The task | Copy the lines below exactly, starting at the one with "harvesting and using dandelion roots" and ending at the one with "Myrtillocactus Geometrizans Blue", and leave out any picture.

Input for this task |

#####

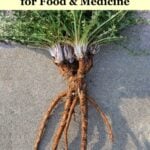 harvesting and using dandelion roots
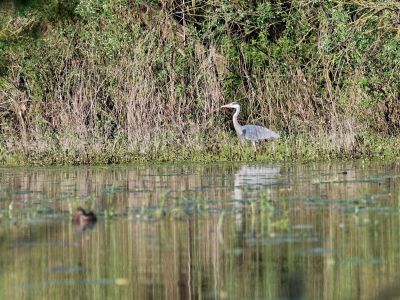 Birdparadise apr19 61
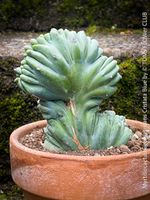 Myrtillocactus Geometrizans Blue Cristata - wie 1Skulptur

#####

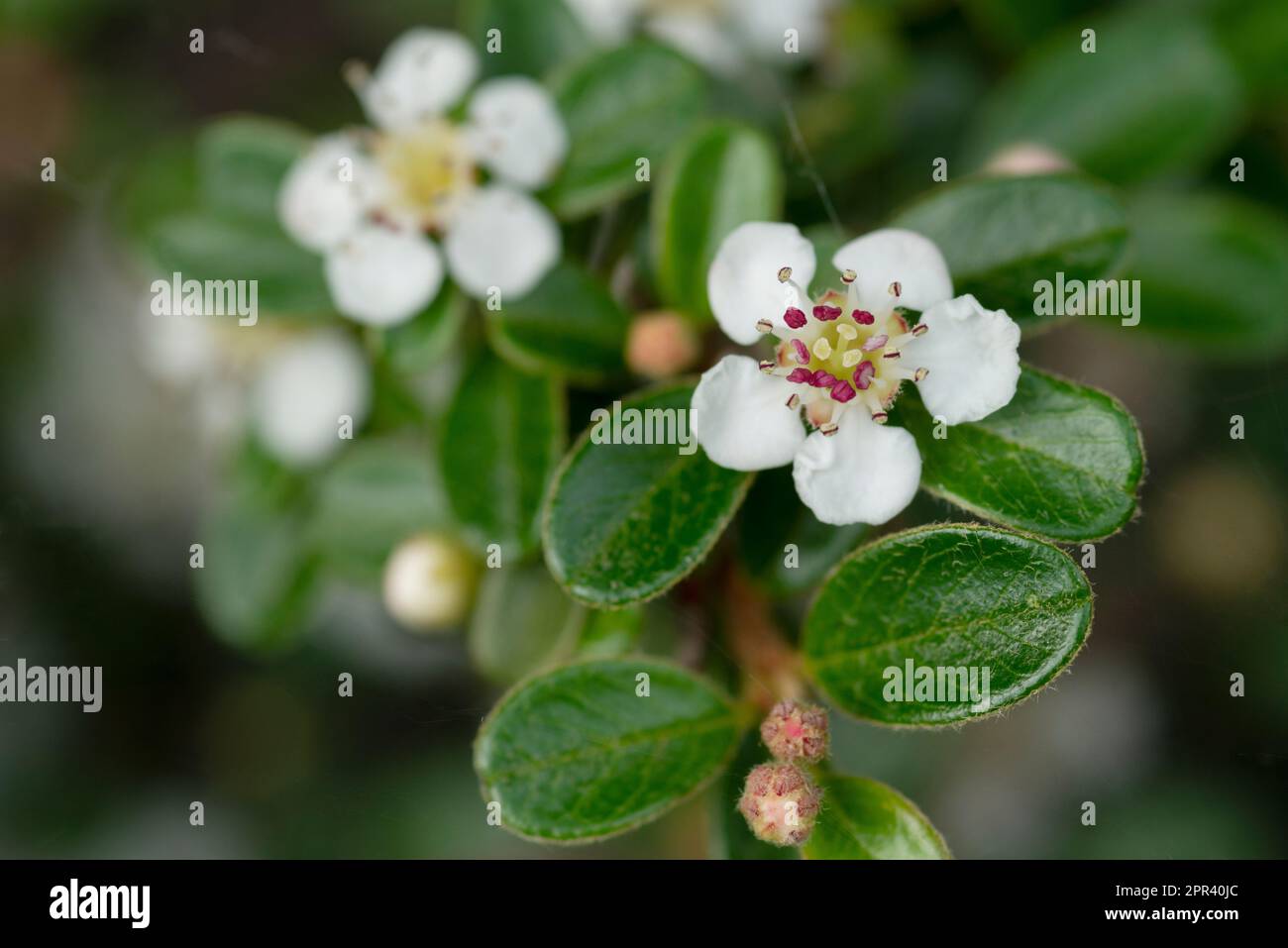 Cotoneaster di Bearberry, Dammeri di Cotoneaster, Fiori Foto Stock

#####

Finished exercise |
 harvesting and using dandelion roots
 Birdparadise apr19 61
 Myrtillocactus Geometrizans Blue Cristata - wie 1Skulptur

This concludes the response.